EXERCISE DIRECTIONS:
If a record holds a picture, leave the picture out and repeat everything else exactly.

....

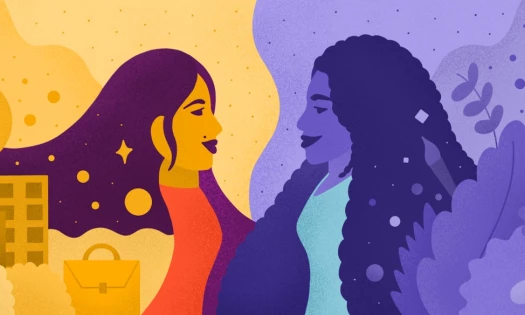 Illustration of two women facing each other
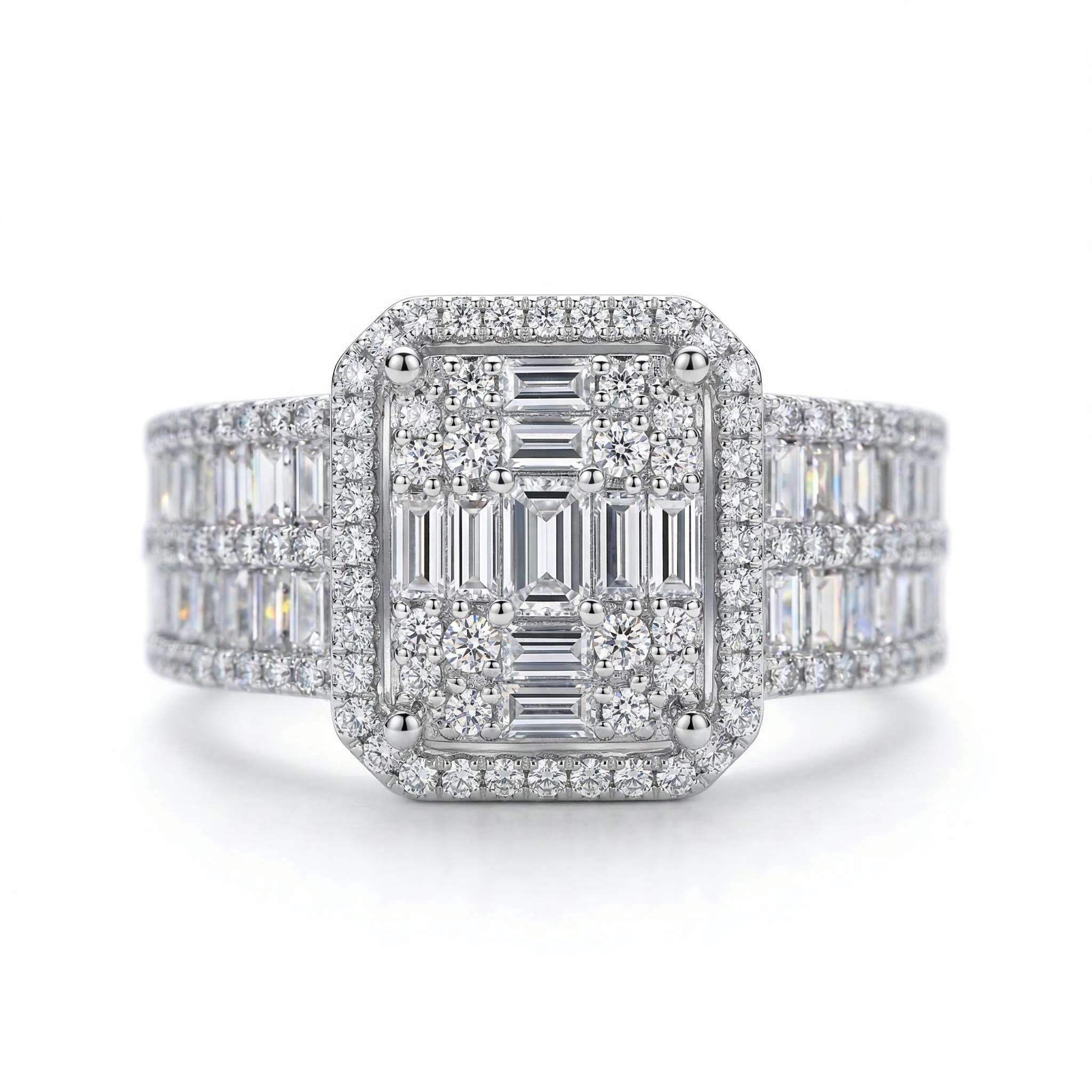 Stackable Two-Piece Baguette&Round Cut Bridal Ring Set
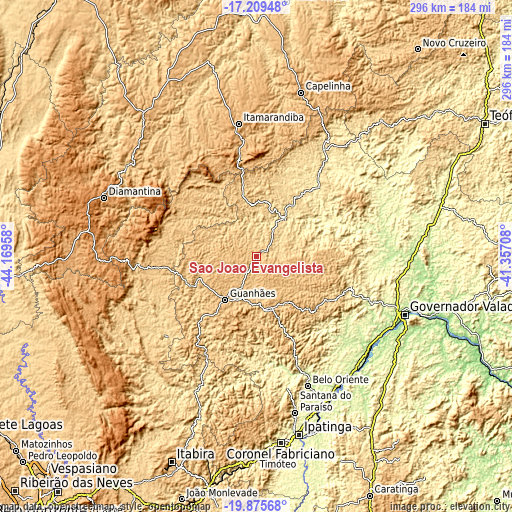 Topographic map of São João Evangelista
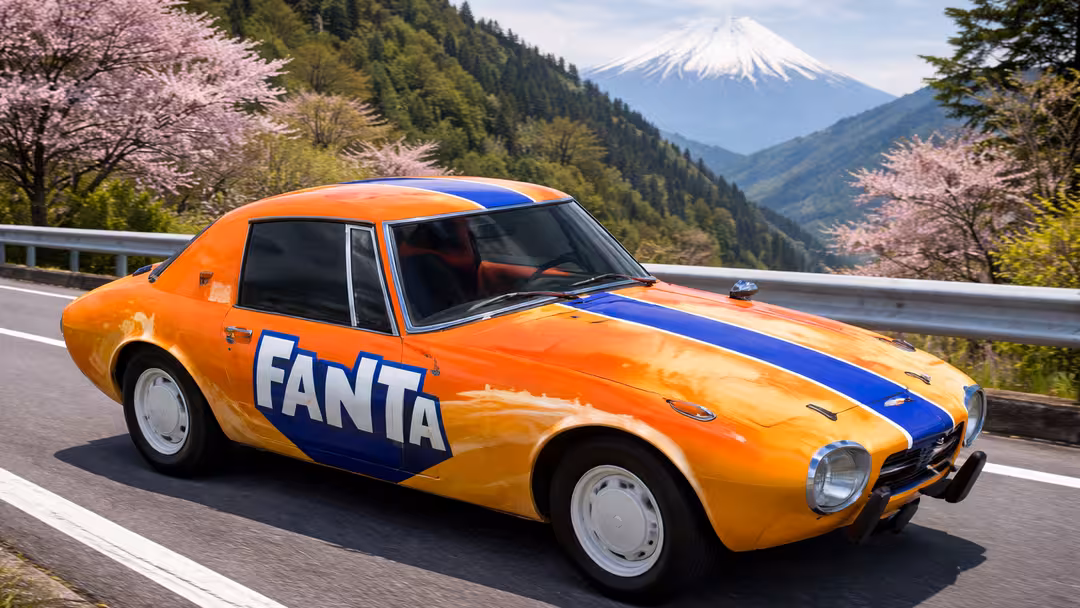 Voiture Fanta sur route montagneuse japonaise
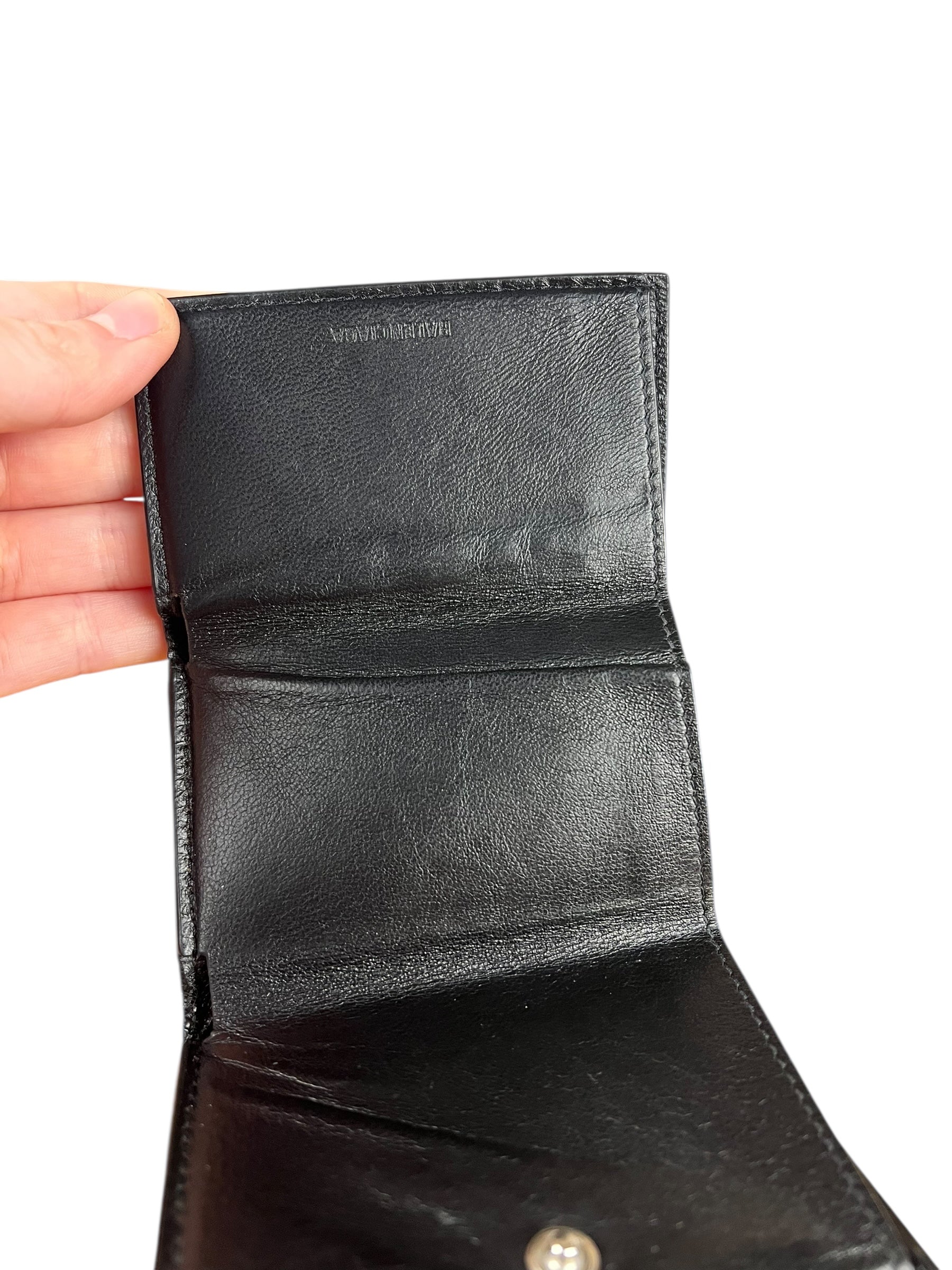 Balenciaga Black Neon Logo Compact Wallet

....

SOLUTION TO THIS PROBLEM:
 Illustration of two women facing each other
 Stackable Two-Piece Baguette&Round Cut Bridal Ring Set
 Topographic map of São João Evangelista
 Voiture Fanta sur route montagneuse japonaise
 Balenciaga Black Neon Logo Compact Wallet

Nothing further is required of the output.